こちらはかなりかしこまった例文にはなりますが、きちんとお詫びをして、誠意を伝えることが大切です。
自分のミスに対するお詫び
- この度は私の力不足によりご迷惑をおかけし、誠に申し訳ございませんでした。今後このようなことが起こらないよう、再発防止に努めてまいります。
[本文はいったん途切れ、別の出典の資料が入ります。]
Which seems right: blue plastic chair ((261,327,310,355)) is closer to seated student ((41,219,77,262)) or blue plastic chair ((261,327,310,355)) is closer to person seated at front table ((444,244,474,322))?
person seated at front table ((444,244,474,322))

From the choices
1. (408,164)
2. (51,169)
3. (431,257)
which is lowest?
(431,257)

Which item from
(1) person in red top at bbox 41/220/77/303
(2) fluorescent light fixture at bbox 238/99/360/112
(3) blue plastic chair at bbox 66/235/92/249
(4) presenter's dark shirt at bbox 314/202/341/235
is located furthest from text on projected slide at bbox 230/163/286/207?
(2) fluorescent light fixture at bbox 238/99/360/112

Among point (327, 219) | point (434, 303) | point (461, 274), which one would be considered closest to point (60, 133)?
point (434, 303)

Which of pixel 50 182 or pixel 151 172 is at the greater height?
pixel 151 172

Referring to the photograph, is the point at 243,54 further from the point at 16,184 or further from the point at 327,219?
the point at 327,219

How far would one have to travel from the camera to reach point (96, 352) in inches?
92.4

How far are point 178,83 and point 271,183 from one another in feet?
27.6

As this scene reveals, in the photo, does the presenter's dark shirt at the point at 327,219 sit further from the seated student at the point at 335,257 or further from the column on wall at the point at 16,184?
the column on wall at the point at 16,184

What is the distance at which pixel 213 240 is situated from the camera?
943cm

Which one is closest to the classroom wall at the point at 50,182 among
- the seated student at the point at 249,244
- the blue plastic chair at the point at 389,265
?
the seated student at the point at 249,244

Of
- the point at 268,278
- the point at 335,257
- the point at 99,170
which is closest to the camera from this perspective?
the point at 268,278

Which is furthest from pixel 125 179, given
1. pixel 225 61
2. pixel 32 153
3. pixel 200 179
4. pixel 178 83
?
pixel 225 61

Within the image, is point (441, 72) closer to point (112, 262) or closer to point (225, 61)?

- このたびは、◯◯の件でご迷惑をおかけし、誠に申し訳ございませんでした。どうか今後とも変わらぬご指導のほど、よろしくお願い申し上げます。
例文
こちらは、自分がしてしまったミスに対してお詫びをするときの手紙の書き方例文。相手に迷惑を掛けてしまったことへ、誠心誠意謝罪の気持ちを伝えましょう。「今後はミスを重ねません!」という今後の決心も忘れずに添えて。
サービスの不具合に対するお詫び
- 先日は○○の件で、大変ご不便をお掛けいたしました。現在も復旧のめどが立っていないことを、心よりお詫び申し上げます。
- この度は、当社サービスの一部に不具合が発生し、 多くの皆様にご迷惑をお掛け致しましたこと、 深くお詫び申し上げます。
例文
ビジネスの場では、自分のミスでなくてもお詫びをしなければならない場面があります。会社の都合やシステムの影響などですぐに解消できる問題ではなかったとしても、相手の立場に立って「今できることは何か?」を考えてみて。
イベント欠席に対するお詫び
- この度はせっかくのご機会を頂きましたのに、イベントへ出席できず申し訳ございません。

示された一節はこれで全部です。